**WORK TASK**
Begin at the line containing "Fits KMC Wheels" in the entries below and end at the line containing "Trader Buy The"; transcribe that range exactly and nothing outside it.

**RECORDS SHOWN**

########################################

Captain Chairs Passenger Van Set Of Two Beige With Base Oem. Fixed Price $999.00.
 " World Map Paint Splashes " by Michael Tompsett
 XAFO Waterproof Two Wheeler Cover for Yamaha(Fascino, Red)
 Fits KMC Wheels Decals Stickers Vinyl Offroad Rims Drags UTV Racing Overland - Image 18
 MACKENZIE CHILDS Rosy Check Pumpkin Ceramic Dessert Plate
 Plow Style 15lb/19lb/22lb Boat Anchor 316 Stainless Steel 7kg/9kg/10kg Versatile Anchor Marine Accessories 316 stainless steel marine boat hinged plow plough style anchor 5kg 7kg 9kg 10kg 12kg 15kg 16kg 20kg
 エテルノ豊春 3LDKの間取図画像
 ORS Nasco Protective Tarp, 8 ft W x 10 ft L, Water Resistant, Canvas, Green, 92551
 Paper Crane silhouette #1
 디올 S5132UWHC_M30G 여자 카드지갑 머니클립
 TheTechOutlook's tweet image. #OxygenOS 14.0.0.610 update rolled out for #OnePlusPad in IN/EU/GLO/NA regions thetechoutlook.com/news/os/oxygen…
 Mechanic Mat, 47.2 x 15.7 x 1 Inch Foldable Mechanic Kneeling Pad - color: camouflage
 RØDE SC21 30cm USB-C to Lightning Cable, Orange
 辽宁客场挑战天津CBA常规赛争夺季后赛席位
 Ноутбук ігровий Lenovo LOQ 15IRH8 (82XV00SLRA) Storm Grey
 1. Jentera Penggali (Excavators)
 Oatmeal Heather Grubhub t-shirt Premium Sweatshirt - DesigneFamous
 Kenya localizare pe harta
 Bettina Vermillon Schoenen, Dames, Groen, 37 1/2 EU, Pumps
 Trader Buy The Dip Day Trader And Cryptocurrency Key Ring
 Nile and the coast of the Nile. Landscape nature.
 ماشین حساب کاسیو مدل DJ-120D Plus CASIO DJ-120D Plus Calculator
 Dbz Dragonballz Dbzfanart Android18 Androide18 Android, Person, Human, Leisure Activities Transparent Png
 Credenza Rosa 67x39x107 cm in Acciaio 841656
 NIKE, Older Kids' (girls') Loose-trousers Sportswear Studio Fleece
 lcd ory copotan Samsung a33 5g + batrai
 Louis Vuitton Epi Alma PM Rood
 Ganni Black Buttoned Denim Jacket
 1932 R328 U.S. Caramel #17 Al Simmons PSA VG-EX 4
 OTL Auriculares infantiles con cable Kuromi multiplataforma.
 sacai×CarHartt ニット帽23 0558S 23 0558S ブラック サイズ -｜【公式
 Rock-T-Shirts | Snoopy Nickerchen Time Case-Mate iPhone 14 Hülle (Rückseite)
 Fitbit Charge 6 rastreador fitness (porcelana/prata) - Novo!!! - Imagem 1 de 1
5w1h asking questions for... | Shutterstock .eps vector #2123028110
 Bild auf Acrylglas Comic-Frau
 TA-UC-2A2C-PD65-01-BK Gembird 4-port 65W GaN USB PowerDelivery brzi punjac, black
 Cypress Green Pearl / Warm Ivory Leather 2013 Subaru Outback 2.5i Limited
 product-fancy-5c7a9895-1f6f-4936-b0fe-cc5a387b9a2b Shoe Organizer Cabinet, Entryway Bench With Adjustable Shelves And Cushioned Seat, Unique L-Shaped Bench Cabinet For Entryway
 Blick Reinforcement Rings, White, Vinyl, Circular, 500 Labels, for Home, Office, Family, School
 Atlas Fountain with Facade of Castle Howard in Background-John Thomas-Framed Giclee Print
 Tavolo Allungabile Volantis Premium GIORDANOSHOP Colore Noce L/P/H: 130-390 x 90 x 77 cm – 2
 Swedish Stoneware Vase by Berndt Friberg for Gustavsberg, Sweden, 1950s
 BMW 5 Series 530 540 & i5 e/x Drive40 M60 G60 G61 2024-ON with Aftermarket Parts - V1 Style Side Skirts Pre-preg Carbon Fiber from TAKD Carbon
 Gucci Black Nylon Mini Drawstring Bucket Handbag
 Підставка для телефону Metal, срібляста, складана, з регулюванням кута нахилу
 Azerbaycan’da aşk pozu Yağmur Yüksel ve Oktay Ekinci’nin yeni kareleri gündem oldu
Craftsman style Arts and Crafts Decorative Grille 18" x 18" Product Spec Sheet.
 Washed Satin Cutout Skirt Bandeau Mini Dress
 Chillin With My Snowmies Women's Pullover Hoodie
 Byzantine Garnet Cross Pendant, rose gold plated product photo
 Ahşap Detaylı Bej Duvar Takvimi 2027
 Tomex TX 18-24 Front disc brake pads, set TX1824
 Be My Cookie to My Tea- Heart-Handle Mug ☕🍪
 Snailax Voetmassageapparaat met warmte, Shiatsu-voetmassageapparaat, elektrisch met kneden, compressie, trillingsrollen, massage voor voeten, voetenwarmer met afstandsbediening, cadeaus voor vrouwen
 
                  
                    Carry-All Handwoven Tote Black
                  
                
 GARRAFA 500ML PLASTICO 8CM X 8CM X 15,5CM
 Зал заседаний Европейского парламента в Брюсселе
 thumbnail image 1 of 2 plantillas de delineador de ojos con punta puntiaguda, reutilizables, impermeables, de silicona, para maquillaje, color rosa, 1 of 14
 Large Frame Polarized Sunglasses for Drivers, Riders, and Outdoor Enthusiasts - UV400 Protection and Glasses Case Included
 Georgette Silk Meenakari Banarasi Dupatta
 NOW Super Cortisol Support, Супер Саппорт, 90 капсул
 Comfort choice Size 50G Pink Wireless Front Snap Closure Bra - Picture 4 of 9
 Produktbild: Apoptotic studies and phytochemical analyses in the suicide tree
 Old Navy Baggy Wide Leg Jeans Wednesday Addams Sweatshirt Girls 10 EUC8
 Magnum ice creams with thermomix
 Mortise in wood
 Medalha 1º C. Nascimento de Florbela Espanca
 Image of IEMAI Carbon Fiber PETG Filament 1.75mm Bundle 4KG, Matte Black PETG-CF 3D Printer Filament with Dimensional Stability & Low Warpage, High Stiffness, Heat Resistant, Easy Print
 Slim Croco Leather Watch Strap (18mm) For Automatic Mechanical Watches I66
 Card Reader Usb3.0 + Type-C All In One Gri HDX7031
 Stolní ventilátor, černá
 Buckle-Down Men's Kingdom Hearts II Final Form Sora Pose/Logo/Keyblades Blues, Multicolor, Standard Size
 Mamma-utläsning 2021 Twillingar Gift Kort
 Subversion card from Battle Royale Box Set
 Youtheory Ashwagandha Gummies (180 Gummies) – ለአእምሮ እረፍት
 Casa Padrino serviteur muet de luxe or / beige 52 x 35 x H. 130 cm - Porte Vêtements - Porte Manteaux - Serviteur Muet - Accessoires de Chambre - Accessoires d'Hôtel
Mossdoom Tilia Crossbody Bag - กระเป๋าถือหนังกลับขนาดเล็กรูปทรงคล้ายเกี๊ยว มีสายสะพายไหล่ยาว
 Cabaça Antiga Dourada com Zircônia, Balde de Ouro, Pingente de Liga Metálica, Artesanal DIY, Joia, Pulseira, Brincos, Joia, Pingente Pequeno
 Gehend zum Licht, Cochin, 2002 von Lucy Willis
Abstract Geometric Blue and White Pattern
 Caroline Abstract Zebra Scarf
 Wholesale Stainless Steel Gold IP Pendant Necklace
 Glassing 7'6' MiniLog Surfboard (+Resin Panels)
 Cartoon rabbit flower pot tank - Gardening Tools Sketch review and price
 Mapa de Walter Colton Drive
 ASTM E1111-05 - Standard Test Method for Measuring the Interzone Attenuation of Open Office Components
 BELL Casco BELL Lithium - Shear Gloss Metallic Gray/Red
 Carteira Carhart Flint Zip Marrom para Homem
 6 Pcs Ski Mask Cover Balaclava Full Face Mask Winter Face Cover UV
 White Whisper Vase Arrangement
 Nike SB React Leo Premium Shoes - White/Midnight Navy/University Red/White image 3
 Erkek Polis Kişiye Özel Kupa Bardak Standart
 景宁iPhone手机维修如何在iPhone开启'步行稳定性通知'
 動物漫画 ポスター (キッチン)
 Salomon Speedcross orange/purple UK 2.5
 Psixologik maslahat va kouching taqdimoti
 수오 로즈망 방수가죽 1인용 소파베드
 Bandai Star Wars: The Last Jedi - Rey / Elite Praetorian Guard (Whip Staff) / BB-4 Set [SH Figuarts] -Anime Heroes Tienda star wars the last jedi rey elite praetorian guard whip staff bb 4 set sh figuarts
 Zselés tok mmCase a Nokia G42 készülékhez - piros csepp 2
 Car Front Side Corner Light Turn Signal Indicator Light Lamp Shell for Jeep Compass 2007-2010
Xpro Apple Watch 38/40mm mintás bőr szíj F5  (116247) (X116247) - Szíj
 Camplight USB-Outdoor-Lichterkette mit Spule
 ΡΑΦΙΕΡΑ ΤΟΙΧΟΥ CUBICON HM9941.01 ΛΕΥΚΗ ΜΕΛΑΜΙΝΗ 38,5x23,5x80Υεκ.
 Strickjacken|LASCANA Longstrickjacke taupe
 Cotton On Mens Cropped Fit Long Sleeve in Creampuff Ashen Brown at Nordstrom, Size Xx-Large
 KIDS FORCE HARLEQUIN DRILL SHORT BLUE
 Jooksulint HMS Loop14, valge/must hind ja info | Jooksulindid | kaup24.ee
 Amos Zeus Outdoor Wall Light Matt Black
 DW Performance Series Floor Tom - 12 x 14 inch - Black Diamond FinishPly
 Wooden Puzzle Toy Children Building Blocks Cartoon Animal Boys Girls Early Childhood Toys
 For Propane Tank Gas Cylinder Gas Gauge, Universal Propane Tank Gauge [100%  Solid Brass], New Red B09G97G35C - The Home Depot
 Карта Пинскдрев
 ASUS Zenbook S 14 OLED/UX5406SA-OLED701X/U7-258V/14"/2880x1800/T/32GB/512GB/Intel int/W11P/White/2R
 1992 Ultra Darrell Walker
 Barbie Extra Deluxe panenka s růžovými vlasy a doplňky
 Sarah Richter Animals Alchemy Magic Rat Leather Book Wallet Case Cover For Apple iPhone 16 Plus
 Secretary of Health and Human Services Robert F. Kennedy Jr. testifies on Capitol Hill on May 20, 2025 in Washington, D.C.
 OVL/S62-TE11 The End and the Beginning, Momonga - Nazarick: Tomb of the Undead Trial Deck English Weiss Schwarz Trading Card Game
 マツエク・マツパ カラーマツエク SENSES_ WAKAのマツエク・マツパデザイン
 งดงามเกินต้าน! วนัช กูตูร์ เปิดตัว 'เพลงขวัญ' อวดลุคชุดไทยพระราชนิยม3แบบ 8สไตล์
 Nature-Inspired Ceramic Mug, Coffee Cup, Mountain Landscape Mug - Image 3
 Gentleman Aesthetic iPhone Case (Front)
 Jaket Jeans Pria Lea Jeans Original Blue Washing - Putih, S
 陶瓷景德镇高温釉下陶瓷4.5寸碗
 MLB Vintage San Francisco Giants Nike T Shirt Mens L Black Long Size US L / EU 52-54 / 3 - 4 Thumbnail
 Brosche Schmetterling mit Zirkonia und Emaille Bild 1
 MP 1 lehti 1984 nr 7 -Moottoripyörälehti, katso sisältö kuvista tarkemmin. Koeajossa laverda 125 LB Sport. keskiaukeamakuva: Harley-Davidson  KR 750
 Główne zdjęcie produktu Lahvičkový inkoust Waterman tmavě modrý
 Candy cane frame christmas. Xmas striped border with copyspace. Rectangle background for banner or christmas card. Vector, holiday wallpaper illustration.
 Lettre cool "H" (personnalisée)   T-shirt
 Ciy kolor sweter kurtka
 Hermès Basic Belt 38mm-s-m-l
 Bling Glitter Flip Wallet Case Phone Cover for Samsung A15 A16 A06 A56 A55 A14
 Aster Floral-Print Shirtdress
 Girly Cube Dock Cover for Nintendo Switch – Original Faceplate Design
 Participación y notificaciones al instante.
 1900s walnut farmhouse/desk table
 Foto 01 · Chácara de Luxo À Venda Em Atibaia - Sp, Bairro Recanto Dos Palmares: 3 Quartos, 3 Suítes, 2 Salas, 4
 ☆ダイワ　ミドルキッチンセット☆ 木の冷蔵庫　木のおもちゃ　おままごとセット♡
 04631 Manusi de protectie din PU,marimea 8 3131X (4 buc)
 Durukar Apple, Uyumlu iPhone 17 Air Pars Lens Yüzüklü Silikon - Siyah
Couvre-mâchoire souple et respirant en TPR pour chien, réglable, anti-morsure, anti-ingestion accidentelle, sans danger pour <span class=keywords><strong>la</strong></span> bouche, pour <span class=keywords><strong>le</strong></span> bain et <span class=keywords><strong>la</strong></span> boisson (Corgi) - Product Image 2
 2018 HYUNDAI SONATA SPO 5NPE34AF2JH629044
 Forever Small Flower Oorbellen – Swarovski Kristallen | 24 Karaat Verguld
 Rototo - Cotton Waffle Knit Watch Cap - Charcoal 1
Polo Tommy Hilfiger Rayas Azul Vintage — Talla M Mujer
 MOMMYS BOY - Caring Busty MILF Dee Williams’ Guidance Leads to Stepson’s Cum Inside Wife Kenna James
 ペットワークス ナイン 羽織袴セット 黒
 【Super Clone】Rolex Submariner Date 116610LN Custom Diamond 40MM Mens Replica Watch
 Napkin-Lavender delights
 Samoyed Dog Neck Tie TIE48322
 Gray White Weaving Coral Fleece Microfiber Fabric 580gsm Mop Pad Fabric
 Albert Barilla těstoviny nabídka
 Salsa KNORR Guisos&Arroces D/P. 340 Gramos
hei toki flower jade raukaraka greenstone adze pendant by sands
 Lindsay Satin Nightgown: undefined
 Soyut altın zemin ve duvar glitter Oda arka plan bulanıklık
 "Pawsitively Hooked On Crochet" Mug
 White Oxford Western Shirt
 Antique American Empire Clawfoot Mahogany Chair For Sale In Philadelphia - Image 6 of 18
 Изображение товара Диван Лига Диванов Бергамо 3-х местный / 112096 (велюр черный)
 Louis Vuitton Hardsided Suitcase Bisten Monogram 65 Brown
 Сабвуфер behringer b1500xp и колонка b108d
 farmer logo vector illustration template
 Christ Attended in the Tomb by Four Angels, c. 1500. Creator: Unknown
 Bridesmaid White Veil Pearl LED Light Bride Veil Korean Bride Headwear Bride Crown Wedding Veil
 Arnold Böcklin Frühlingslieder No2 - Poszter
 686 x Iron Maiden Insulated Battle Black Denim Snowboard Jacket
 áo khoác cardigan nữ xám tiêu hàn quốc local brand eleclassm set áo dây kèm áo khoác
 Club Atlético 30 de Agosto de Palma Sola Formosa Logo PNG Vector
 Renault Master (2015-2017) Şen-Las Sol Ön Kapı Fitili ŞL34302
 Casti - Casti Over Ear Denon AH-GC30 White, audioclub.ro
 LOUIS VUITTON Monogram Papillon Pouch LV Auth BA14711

########################################

**RESPONSE BELOW**
 Fits KMC Wheels Decals Stickers Vinyl Offroad Rims Drags UTV Racing Overland - Image 18
 MACKENZIE CHILDS Rosy Check Pumpkin Ceramic Dessert Plate
 Plow Style 15lb/19lb/22lb Boat Anchor 316 Stainless Steel 7kg/9kg/10kg Versatile Anchor Marine Accessories 316 stainless steel marine boat hinged plow plough style anchor 5kg 7kg 9kg 10kg 12kg 15kg 16kg 20kg
 エテルノ豊春 3LDKの間取図画像
 ORS Nasco Protective Tarp, 8 ft W x 10 ft L, Water Resistant, Canvas, Green, 92551
 Paper Crane silhouette #1
 디올 S5132UWHC_M30G 여자 카드지갑 머니클립
 TheTechOutlook's tweet image. #OxygenOS 14.0.0.610 update rolled out for #OnePlusPad in IN/EU/GLO/NA regions thetechoutlook.com/news/os/oxygen…
 Mechanic Mat, 47.2 x 15.7 x 1 Inch Foldable Mechanic Kneeling Pad - color: camouflage
 RØDE SC21 30cm USB-C to Lightning Cable, Orange
 辽宁客场挑战天津CBA常规赛争夺季后赛席位
 Ноутбук ігровий Lenovo LOQ 15IRH8 (82XV00SLRA) Storm Grey
 1. Jentera Penggali (Excavators)
 Oatmeal Heather Grubhub t-shirt Premium Sweatshirt - DesigneFamous
 Kenya localizare pe harta
 Bettina Vermillon Schoenen, Dames, Groen, 37 1/2 EU, Pumps
 Trader Buy The Dip Day Trader And Cryptocurrency Key Ring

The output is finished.